I later rebuilt with new drives and upgraded to N4F

If you have constructed your storage planing for the worst
your recoveries should be the easiest.

a large complex system to do simple storage is a risk
an un necessary risk.
copies in several smaller systems cuts in to that risk

Re: System Donation (usage for a couple weeks)

Posted: 28 Jun 2013 18:45
by cozmok
Thanks for the responses guys. I appreciate the input and suggestions. However,...(haha), I am pretty set on using one ESXi server to host several VMs, one of which is NAS4Free. My scenario (apparently) is far from normal, so anyone reading this for advice will probably want to do it another way.

Currently I have two machines (one NAS, one ESXi), and need to upgrade both (NAS needs more space and ESXi needs more beef). I am selling them both as a whole to a coworker, so I cannot reuse any parts. Also, I need several spindles on the ESXi host to get the throughput I need for some of the VMs, so I need an 8 port raid card that ESXi supports. In looking for raid cards and drives, in addition to two nearly identical systems, the costs were adding up...
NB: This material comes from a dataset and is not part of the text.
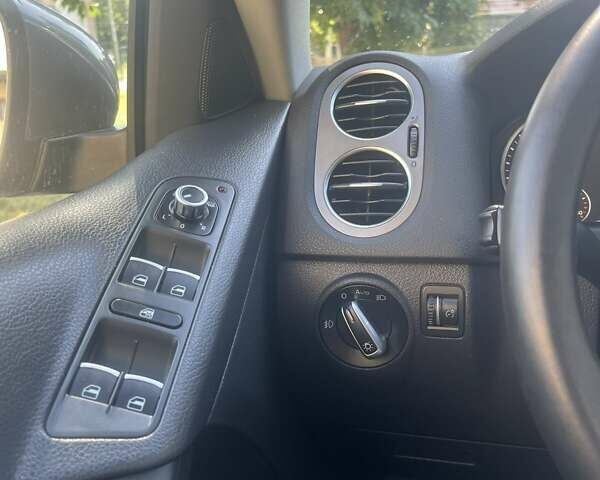 Серый Фольксваген Тигуан, объемом двигателя 1.98 л и пробегом 116 тыс. км за 11200 $, фото 29 на Automoto.ua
Option1 (normal N4F plus ESXi)
$5220

Code: Select all

NAS Box (N4F using ZFS-RAIDz2)
$50 - Case
$220 - CPU (cheapest, new, intel, xeon)
$190 - Mobo (server class that supports the new intel xeons)
$140 - RAM (2x 8gb ecc)
$2720 - 8x 4tb drives (enterprise)
$3320 - Total

VM Host
$50 - Case
$260 - CPU (cheapest, new, intel, xeon, w/ hyperthreading)
$190 - Mobo (server class that supports the new intel xeons)
$280 - RAM (4x 8gb ecc)
$400 - RAID Card (cheapest 8 port that supports ESXi, dual-core RoC, cache, w/ bbu or cachevault)
$720 - 8x 500gb drives (enterprise)
$1900 - Total

Option2 (what I am doing, probably)
$3900

Code: Select all

$50 - Case
$260 - CPU (cheapest, new, intel, xeon, w/ hyperthreading)
$190 - Mobo (server class that supports the new intel xeons)
$280 - RAM (4x 8gb ecc)
$400 - RAID Card (cheapest 8 port that supports ESXi, dual-core RoC, cache, w/ bbu or cachevault)
$2720 - 8x 4tb drives (enterprise)
$3900 - Total

Option1 has the NAS box configured like everyone suggests. The disadvantage is that I need the ESXi host to have high disk throughput, forcing me to get a pretty nice RAID card, even though I don't need the space (~2tb). Also, the NAS box doesn't really need much CPU (or RAM if I don't use ZFS), so it could easily fit into my resources of the ESXi host. It just ends up (with my scenario) that many of the parts are overlapping, and could be combined saving money, space, power,... at the cost of added complication, and not using ZFS (but I like and am familiar with hardware raids anyway). In short the big downsides of a hardware raid (vs ZFS) are it's costly and if the card fails you need another. Well, this plan (as shown above) isn't more costly, and we use similar cards at my work, and I could borrow one of those to recover my data if I need to. As far as "complicating the setup", I use ESXi all the time at work, and have been virtualizing N4F for a while now on several machines, using hardware raids (not ZFS). This is the main reason I knew this could work to combine the resources (cpu/ram/power/case). My only real concern is the stability of N4F config (me making the right choices in the setup).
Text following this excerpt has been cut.